The answer to the question, "when did we go wrong," seems to be the so-called sixties, the period of time that spanned the Vietnam war. I don't want to dwell on the obvious, but the war itself marked the death knell of American moral exceptionalism. If we could believe before then that government entered into conflict, not (or at least not only) to serve our self-interest, but to serve the moral and ethical imperatives of the American way, but as the war extended, as the conduct of the war seemed less and less congruent with the American way, less and less congruent with the conduct of the so-called "greatest generation," as the outcome of the war seemed less and less likely of success, there was the corresponding loss of secular faith in government. Then too, with the growing recognition that even the constitutional protections of "freedom for all" did nothing to eradicate the Jim Crow laws of the south or the other instrumental forms of institutional racism, the civil rights movement served to dispel any illusion that American political liberties guaranteed anything resembling "justice for all," and this too came with its corresponding loss of secular faith in government. The anti war movement and the civil rights movement, both brought revolutionary politics, if not exactly to the mainstream, at least well within the purview of the mainstream, and if civil society is an "inheritance we receive and are responsible for," then both made it easy to repudiate the inheritance and deny any responsibility for the past. The collapse of the Soviet Union, not with the apocalyptic bang of nuclear Armageddon, befitting the great ideological struggle between secular good and evil, but with a whimpering collapse into an all too familiar oligarchy. The cold war was won, and along with it, not only the great ideological struggle against totalitarianism, but also the enlightenment faith that people could -- whether with the "slow changes in custom and tradition," as favored by the conservatives, or with "explicit political action," as favored by the liberals -- actually fix things. We had reached the end of history, and the only answer to the question, "now what?" seemed to be the shoulder shrug, "more of the same."
It is not surprising that people would look back to the happy days of the so-called fifties and see, if not a "state of perfection," then a loss of innocence. The enlightenment faith in the perfectibility of our social contingencies, and with that the perfectibility of human-kind, is a secular faith, conceived outside of and in response to the excesses of religious faith, but the two are not wholly incompatible. The fall and expulsion from Eden was a set back, and it came with consequence, but mankind could redeem themselves through labor of both sorts, for men with the sweat of one's brow and for women with the birth of children, both activities sanctioned within and valued by civil society. It is not difficult to credit the reactionary response, the desire to restore a time before the social revolution that resulted not in a new Eden, but in a penurious attitude -- "money for nothing and your chicks for free." The 60s were paradigm busting, and the paradigm they most successfully busted was the largely agrarian paradigm of redemptive labor, the marriage of the socially pragmatic and the spiritually redemptive that had been the hallmark of the American dream.
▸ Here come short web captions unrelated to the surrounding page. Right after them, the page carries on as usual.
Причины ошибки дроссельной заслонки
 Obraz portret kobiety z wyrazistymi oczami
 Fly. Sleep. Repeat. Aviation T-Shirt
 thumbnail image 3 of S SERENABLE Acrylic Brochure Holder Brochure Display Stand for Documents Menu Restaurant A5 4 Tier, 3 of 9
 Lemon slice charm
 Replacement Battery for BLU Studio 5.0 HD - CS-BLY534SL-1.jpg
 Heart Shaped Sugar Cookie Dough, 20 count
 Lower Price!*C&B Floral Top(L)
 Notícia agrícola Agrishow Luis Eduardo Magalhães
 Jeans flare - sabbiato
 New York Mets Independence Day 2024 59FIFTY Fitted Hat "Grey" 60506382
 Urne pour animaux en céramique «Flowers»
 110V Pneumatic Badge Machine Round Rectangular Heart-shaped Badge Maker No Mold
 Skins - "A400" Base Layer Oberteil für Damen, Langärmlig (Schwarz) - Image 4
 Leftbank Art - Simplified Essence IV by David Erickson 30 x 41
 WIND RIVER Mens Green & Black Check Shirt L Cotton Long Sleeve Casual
One could argue, of course, that the American dream had always been more fantasy than reality, but the radical fringes of the 60s brought us another sort of pipe dream, the more immediate transcendence brought about by psychedelic drugs and a newly liberated female sexuality, a sexuality freed from the biological consequences of reproduction. The idea of redemption divorced from labor has proved a virus of sorts, sticking with us even as the instrumental means to redemption have morphed. It is now the digital transcendence, the alternative realities of psychedelic drugs displaced by virtual gaming worlds, the sexual revolution displaced by undreamed of cornucopia of pornography, a communal utopianism displaced by the varieties of social media. The conservative desire to hit the reset button, restore the 50s, and start over is not terribly surprising.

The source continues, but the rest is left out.